**Exercise:**
In the data below, one line contains "Комплект передних дворников" and a later one contains "Sam Hepburn (@sammyhep)". Print both, with every line between them, exactly and alone.

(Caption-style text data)
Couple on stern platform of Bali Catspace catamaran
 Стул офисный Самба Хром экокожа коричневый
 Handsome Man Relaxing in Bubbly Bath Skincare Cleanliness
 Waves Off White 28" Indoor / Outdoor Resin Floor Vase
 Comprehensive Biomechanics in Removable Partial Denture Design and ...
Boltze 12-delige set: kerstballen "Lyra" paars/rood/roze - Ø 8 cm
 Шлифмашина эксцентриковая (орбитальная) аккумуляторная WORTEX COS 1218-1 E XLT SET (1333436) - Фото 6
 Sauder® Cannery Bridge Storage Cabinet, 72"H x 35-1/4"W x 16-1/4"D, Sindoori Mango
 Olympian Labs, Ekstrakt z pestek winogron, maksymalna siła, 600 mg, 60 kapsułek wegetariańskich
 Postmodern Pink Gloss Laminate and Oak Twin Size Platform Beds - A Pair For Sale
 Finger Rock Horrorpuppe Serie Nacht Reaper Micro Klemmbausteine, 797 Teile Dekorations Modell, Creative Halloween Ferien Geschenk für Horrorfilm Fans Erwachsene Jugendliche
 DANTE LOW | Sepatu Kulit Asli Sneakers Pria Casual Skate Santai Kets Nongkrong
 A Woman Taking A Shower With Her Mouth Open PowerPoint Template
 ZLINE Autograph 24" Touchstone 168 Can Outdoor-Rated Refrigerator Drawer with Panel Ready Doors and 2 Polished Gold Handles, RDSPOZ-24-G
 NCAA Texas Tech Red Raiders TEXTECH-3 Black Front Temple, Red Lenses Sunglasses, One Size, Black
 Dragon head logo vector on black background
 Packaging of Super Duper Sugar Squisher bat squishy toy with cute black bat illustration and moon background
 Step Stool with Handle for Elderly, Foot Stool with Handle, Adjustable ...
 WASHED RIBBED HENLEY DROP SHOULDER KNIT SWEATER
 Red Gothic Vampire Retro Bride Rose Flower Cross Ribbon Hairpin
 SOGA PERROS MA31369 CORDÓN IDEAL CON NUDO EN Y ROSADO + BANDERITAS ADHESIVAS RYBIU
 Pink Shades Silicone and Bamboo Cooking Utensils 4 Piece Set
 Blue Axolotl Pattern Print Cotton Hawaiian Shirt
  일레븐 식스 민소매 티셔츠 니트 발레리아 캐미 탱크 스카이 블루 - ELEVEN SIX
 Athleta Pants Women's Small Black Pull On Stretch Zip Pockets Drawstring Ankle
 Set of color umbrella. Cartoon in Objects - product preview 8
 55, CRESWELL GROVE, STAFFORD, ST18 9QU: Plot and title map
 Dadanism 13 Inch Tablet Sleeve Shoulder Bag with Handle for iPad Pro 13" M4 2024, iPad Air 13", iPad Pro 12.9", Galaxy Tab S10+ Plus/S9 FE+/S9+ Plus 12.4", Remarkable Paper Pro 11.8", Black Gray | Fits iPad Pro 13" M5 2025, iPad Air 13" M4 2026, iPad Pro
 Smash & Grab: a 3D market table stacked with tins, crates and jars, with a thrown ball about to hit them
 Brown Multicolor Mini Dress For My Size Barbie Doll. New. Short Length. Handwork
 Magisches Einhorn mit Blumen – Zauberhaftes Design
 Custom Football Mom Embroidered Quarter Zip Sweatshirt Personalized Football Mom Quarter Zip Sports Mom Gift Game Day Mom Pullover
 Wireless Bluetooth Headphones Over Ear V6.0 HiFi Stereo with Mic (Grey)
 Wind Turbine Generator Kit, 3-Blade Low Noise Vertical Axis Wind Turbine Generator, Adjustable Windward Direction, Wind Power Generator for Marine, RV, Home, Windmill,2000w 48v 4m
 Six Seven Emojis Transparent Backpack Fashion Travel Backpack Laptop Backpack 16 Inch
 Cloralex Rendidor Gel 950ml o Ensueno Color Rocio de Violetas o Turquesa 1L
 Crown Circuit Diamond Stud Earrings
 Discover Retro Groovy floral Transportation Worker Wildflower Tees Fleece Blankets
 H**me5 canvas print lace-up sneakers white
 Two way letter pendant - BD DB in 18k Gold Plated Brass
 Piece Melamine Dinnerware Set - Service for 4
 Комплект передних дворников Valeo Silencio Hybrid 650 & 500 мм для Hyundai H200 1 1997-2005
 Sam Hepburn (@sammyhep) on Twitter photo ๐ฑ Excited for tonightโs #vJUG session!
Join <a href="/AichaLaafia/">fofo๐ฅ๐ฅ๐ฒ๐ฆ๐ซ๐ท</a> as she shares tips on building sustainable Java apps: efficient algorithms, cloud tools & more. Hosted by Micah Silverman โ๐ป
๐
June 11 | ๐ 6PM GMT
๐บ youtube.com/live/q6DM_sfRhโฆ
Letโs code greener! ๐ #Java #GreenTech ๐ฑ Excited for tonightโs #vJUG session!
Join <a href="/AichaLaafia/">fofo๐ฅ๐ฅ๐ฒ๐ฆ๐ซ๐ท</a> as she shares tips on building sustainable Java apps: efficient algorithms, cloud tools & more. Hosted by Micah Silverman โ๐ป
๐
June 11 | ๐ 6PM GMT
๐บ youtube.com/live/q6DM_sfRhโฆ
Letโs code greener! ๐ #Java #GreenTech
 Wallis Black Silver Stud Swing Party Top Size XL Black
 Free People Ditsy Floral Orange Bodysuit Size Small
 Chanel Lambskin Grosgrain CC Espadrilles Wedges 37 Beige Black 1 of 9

**Output for this task:**
 Комплект передних дворников Valeo Silencio Hybrid 650 & 500 мм для Hyundai H200 1 1997-2005
 Sam Hepburn (@sammyhep) on Twitter photo ๐ฑ Excited for tonightโs #vJUG session!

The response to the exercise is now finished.